◆ Task goal
Output, exactly and in full, only the lines from the one containing "Claude Design canvas" to the last line of the data. Pictures should not appear.

====== Records shown

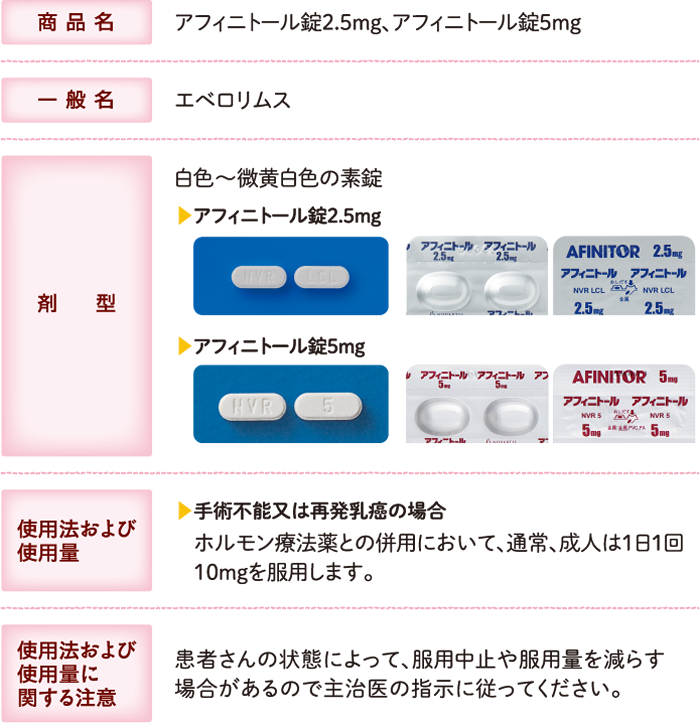どのように作用するお薬ですか？ | 乳がんでアフィニトール®錠を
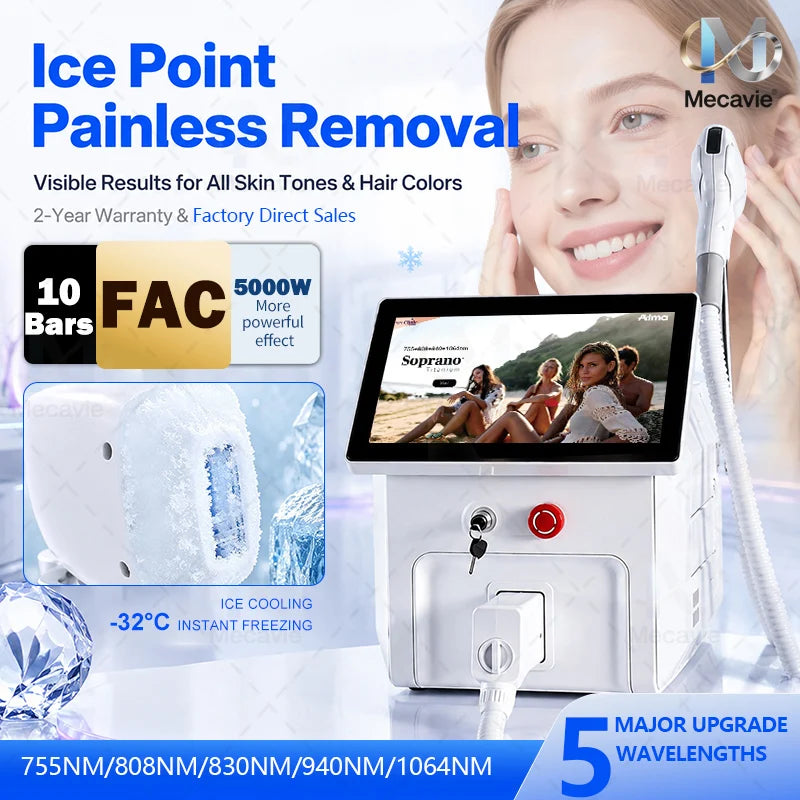 Professional ISO 5000W Diode Laser Hair Removal Machine. 5-Wavelength FAC Tech. Painless Ice Cooling. Customized Beauty Fashion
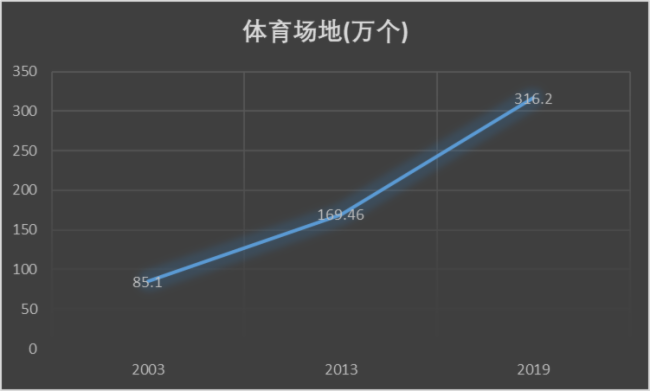 DANBOB半岛ACOID体育场馆系统设计方案(图1)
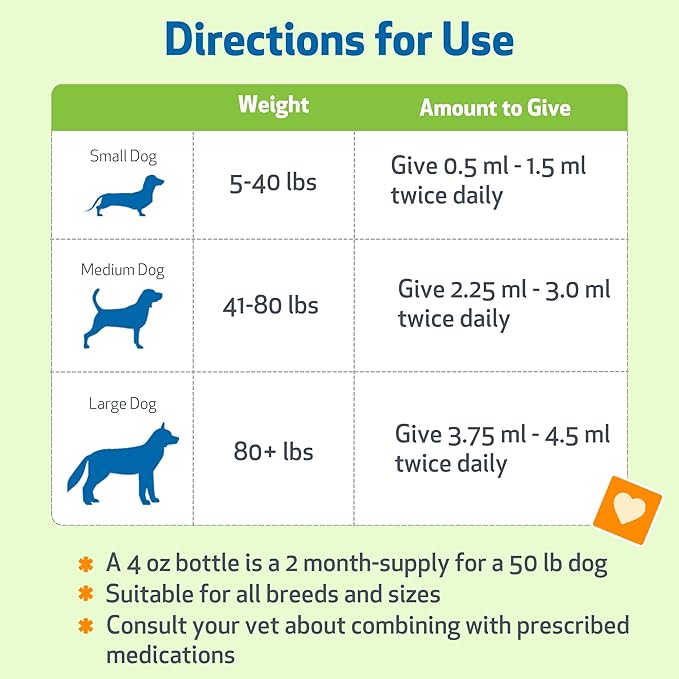 Pet Wellbeing Throat Gold for Dogs - Supports Collapsed Trachea & Throat Discomfort with Mullein & Slippery Elm for Kennel Cough - NASC Certified & Vet-Formulated 4 oz Liquid Formula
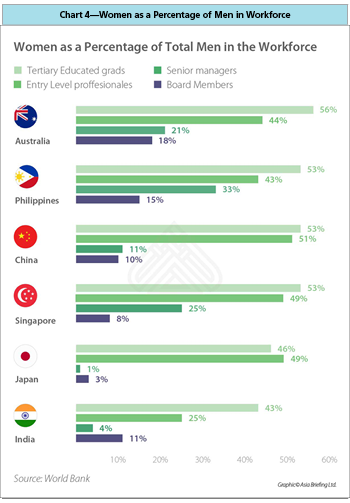 Charts_Feb2019GPR_AsiaBrief_4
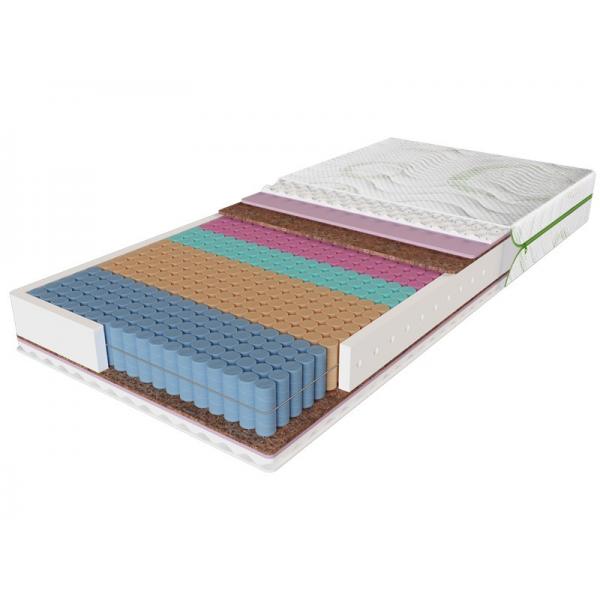 

Матрас Evolution Sensitiv 120x190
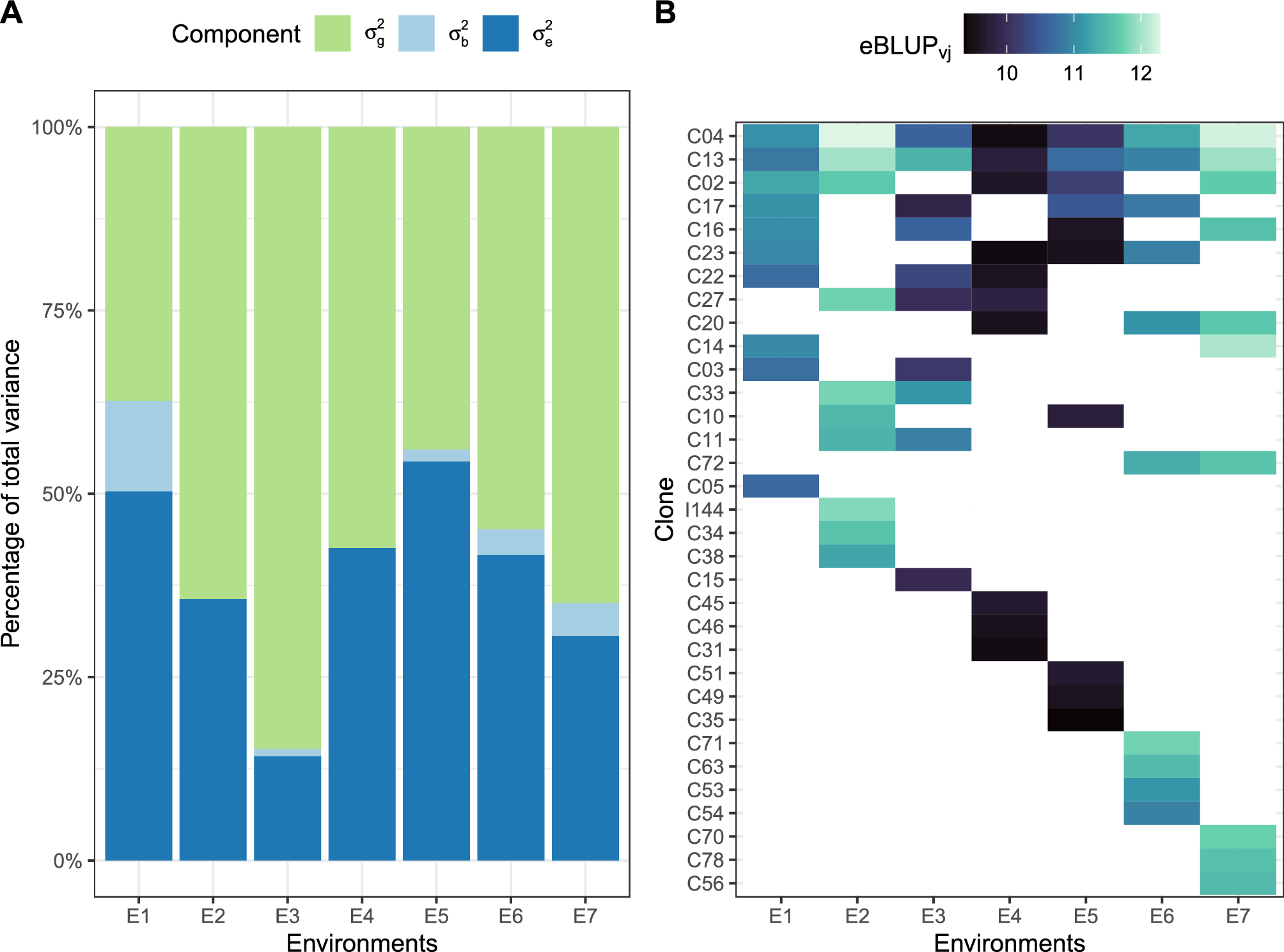 Factor analytic selection tools and environmental feature-integration  enable holistic decision-making in Eucalyptus breeding | Scientific Reports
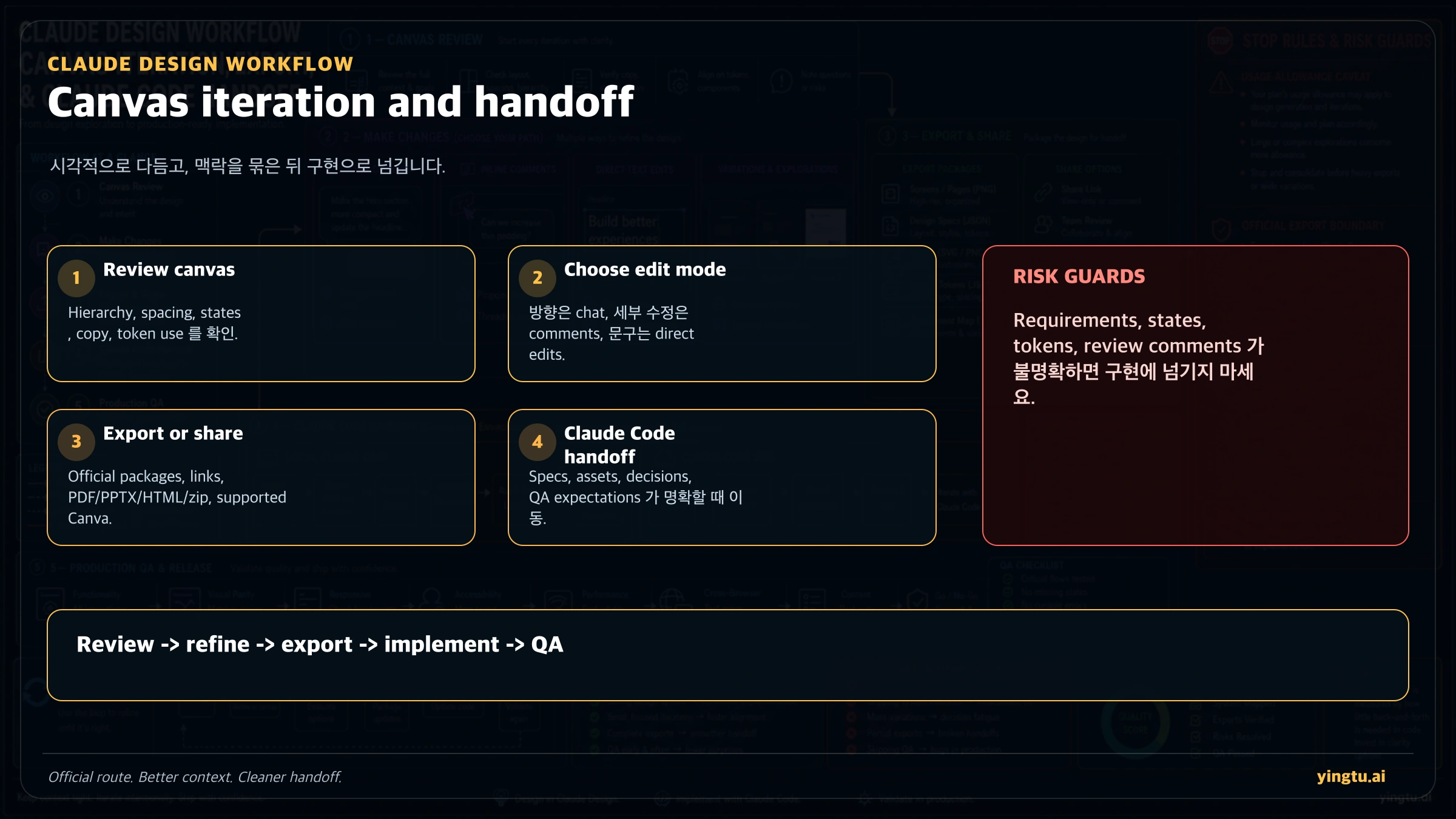 Claude Design canvas 반복, export, Claude Code handoff, production QA stop rules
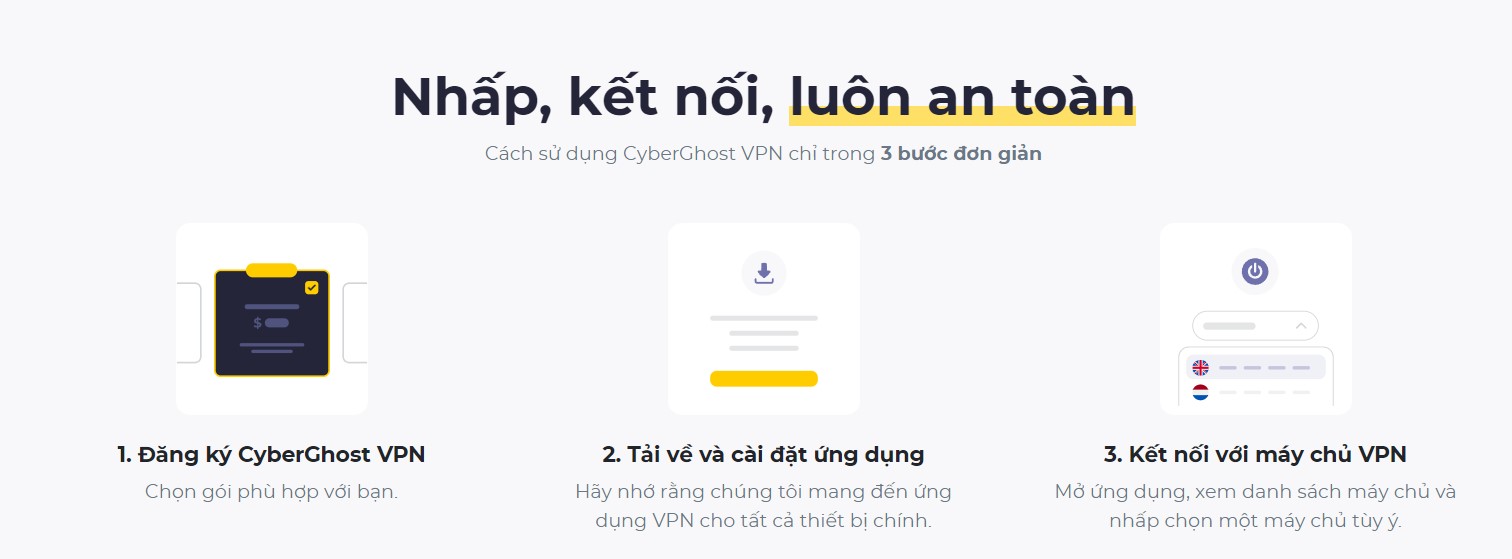 Lợi Ích Của Việc Sử Dụng VPN Để Chơi iWin An Toàn Và Ẩn Danh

============

◆ Response to the exercise
 Claude Design canvas 반복, export, Claude Code handoff, production QA stop rules
 Lợi Ích Của Việc Sử Dụng VPN Để Chơi iWin An Toàn Và Ẩn Danh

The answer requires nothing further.